→ **YOUR GOAL**
In the records below, find the line containing "First Christmas Large"; copy exactly that line and all lines after it to the end, and nothing else.

===

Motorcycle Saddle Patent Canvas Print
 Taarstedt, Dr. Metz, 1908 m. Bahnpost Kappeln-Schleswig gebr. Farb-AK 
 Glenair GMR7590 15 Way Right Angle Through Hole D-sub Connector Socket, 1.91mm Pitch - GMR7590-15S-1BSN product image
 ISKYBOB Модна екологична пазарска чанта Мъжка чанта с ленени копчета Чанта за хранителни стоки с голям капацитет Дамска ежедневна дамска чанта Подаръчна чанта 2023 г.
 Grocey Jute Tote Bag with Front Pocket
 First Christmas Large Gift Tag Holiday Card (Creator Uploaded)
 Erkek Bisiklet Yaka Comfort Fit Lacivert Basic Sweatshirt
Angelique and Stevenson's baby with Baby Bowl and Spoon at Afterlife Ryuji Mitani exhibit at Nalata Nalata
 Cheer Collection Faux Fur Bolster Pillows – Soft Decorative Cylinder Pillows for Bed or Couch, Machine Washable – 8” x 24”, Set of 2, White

===

→ **RESPONSE**
 First Christmas Large Gift Tag Holiday Card (Creator Uploaded)
 Erkek Bisiklet Yaka Comfort Fit Lacivert Basic Sweatshirt
Angelique and Stevenson's baby with Baby Bowl and Spoon at Afterlife Ryuji Mitani exhibit at Nalata Nalata
 Cheer Collection Faux Fur Bolster Pillows – Soft Decorative Cylinder Pillows for Bed or Couch, Machine Washable – 8” x 24”, Set of 2, White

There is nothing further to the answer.